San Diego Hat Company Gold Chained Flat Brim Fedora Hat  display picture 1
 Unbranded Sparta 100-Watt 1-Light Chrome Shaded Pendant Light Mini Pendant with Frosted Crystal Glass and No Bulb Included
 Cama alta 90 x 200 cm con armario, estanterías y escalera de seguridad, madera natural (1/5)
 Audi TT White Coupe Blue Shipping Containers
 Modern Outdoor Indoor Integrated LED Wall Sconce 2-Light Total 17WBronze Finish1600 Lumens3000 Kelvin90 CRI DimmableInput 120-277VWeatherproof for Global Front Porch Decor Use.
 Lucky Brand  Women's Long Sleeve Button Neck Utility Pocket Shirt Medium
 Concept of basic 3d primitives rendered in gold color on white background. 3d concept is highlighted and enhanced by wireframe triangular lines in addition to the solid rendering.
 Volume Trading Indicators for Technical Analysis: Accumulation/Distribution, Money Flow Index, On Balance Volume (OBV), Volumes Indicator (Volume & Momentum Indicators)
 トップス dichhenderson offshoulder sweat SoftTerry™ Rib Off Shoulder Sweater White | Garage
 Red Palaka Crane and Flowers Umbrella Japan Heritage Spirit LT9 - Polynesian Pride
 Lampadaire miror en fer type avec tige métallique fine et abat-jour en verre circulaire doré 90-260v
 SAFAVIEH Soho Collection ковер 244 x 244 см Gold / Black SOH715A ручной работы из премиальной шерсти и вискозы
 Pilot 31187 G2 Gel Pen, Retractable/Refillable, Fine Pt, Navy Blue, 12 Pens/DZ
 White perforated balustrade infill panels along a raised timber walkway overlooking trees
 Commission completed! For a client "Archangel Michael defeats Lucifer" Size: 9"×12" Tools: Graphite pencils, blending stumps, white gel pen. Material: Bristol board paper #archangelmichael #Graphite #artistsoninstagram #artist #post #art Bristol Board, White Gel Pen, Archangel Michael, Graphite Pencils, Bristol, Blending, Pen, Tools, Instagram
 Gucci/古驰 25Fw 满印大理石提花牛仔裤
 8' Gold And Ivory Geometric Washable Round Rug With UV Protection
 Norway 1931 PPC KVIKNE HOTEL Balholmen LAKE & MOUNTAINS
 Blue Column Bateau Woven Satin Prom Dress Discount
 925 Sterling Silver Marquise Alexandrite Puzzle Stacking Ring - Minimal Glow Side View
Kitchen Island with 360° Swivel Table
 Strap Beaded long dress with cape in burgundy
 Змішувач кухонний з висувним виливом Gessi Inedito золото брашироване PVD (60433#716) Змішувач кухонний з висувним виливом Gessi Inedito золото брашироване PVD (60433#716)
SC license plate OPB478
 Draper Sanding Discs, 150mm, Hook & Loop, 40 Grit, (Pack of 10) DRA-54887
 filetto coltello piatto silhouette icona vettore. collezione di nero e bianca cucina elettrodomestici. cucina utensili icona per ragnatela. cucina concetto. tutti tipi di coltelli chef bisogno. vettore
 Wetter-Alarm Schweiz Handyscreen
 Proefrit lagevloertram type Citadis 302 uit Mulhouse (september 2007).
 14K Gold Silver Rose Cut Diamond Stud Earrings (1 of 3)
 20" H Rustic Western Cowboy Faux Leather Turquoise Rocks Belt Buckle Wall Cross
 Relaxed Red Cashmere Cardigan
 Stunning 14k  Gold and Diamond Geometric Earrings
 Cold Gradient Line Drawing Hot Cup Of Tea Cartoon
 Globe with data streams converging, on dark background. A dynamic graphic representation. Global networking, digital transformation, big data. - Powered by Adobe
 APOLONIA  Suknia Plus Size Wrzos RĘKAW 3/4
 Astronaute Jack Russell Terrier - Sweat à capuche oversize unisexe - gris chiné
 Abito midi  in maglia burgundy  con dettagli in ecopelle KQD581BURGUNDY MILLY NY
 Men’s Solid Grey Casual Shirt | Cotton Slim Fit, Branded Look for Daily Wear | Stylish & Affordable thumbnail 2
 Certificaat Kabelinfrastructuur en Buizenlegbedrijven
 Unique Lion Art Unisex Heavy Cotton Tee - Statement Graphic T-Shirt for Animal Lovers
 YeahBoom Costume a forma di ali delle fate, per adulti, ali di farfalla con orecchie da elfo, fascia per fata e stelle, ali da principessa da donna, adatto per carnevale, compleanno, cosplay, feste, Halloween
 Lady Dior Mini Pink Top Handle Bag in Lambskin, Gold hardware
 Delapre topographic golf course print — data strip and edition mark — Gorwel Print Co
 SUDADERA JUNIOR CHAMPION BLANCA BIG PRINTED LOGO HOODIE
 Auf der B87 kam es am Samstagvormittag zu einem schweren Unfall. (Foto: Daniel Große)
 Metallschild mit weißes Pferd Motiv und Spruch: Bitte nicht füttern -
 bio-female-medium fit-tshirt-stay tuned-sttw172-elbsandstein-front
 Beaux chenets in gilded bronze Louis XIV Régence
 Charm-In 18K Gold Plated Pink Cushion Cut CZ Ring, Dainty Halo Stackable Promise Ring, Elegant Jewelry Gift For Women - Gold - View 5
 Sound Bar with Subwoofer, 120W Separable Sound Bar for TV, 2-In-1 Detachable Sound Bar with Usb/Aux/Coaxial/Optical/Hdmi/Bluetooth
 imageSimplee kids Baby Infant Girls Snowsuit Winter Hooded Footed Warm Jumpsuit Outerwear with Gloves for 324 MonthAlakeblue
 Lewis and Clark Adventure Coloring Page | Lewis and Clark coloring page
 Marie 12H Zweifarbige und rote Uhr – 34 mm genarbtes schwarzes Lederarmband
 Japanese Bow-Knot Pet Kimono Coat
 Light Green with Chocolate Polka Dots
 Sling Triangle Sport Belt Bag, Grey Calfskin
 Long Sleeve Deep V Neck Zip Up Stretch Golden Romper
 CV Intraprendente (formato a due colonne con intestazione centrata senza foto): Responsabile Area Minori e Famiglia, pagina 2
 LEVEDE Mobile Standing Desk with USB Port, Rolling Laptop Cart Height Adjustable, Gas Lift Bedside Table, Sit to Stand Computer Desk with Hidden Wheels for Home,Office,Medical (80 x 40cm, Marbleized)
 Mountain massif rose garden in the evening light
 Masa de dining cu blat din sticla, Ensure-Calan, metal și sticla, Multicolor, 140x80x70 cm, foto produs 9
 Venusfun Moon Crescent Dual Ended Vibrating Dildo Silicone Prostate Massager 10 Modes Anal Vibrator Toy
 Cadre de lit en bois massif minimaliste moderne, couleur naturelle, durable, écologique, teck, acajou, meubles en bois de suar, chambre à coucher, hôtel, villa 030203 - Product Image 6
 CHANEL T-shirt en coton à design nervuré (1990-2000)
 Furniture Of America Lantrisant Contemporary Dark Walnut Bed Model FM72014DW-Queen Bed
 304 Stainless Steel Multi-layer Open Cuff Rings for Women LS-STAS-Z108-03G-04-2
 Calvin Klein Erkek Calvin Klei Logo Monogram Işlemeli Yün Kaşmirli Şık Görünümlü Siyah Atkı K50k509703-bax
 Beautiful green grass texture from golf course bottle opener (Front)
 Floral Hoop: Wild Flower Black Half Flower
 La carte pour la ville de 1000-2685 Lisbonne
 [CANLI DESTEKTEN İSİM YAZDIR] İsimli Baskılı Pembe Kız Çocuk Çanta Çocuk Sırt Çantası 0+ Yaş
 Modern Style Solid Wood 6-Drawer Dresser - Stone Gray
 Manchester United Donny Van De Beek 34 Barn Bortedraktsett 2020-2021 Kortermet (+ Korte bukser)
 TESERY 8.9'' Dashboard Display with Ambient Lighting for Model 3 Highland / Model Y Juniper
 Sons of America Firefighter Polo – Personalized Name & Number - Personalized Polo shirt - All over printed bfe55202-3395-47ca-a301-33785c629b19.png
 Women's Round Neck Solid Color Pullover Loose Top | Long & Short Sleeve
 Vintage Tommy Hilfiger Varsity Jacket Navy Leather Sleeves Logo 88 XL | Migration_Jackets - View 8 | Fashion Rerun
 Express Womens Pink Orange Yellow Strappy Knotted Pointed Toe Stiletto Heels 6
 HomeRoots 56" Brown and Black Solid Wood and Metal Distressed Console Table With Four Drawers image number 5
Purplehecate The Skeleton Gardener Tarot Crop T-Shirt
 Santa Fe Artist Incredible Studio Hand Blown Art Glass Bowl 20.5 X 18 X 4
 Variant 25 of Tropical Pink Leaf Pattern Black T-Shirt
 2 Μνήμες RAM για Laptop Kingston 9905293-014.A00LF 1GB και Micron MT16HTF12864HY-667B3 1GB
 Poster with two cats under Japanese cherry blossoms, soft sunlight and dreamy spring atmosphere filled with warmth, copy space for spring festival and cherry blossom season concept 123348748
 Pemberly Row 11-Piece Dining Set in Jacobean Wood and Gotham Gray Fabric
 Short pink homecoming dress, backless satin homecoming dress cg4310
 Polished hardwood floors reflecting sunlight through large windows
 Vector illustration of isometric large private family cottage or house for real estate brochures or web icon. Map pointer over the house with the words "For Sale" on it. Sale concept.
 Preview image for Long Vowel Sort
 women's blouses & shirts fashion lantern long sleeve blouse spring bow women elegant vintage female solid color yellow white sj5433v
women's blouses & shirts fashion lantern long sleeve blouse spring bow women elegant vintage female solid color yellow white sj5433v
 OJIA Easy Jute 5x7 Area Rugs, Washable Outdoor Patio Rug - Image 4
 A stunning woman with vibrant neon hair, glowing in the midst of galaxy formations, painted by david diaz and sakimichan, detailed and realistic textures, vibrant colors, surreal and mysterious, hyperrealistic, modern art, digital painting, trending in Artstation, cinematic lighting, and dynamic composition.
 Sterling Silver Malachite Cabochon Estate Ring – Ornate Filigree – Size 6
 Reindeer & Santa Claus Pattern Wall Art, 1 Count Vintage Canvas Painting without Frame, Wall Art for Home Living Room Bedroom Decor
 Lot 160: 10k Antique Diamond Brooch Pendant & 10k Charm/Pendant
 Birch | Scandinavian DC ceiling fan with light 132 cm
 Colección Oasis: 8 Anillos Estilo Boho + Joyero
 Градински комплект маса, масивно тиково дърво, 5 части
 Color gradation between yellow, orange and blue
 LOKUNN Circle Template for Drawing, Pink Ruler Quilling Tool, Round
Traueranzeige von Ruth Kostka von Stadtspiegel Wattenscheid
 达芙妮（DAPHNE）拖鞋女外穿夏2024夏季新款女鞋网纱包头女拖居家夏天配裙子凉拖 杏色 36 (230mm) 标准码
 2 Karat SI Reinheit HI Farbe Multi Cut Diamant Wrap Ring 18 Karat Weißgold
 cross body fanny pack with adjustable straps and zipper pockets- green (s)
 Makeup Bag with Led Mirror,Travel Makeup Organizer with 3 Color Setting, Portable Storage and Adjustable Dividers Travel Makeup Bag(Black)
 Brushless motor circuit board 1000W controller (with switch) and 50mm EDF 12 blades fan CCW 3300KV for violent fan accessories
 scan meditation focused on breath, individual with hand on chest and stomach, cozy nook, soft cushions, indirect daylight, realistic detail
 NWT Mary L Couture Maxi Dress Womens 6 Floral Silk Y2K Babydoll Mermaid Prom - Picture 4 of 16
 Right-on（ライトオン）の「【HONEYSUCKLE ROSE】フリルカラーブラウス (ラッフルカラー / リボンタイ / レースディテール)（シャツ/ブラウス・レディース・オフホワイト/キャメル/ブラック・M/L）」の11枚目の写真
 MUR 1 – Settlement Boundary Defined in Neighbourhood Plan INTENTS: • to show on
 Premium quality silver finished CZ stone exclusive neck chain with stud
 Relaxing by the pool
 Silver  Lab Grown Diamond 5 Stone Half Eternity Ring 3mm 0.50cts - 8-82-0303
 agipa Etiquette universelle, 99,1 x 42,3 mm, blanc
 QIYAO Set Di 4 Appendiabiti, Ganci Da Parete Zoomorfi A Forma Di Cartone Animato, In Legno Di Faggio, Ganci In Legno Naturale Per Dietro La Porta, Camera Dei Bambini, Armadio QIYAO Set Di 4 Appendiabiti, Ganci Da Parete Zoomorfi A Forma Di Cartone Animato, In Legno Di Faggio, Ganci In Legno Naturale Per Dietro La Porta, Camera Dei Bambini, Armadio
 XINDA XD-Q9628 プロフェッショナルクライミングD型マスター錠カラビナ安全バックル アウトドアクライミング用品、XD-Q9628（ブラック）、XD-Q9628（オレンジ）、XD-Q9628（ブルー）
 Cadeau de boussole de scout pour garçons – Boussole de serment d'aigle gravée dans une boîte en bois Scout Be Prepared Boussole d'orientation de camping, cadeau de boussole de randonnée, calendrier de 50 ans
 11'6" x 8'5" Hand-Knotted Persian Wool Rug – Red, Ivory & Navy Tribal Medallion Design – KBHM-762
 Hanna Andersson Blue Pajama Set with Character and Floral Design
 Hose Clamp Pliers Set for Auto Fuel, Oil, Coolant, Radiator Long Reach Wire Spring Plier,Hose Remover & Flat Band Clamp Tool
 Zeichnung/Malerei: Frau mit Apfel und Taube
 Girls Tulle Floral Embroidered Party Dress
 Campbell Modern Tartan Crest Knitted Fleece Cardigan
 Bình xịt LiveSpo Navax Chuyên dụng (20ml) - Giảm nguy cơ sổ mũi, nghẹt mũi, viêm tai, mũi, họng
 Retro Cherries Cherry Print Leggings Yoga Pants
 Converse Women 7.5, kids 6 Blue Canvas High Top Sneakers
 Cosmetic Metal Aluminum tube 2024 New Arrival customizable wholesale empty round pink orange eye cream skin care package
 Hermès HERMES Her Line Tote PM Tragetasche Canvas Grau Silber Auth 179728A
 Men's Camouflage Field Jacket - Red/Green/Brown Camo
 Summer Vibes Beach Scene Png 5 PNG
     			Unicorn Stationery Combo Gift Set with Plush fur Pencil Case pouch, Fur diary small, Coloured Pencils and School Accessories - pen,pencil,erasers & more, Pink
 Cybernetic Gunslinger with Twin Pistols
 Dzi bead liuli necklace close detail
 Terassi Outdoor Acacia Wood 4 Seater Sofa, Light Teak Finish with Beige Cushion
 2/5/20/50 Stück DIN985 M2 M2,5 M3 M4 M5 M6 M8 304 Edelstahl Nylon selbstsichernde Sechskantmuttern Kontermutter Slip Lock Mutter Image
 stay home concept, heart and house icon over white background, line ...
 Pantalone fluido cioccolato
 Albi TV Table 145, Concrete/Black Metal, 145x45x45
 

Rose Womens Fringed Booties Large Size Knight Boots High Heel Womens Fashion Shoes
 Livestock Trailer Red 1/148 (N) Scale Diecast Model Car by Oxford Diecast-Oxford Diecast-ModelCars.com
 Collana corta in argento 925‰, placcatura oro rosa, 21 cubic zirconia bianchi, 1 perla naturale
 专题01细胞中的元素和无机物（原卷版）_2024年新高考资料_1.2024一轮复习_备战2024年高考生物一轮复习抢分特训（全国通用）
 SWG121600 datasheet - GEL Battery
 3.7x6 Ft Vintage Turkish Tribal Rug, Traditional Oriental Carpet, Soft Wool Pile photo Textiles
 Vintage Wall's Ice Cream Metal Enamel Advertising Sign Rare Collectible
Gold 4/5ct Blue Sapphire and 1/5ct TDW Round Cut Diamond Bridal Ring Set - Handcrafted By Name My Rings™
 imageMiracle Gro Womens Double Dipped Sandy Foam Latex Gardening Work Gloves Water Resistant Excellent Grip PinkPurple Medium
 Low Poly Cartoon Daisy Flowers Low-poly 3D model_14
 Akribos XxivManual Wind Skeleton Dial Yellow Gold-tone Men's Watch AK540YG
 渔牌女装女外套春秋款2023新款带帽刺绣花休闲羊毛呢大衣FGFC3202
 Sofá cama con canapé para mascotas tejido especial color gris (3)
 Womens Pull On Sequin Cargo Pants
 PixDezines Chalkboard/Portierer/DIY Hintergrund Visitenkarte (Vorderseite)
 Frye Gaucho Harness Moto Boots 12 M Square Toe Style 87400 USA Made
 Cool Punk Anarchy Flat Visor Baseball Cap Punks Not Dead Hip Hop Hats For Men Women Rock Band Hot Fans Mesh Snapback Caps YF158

**Task instructions**. Return, from the material above, every line with the word "Global".

**Response area**.
 Modern Outdoor Indoor Integrated LED Wall Sconce 2-Light Total 17WBronze Finish1600 Lumens3000 Kelvin90 CRI DimmableInput 120-277VWeatherproof for Global Front Porch Decor Use.
 Globe with data streams converging, on dark background. A dynamic graphic representation. Global networking, digital transformation, big data. - Powered by Adobe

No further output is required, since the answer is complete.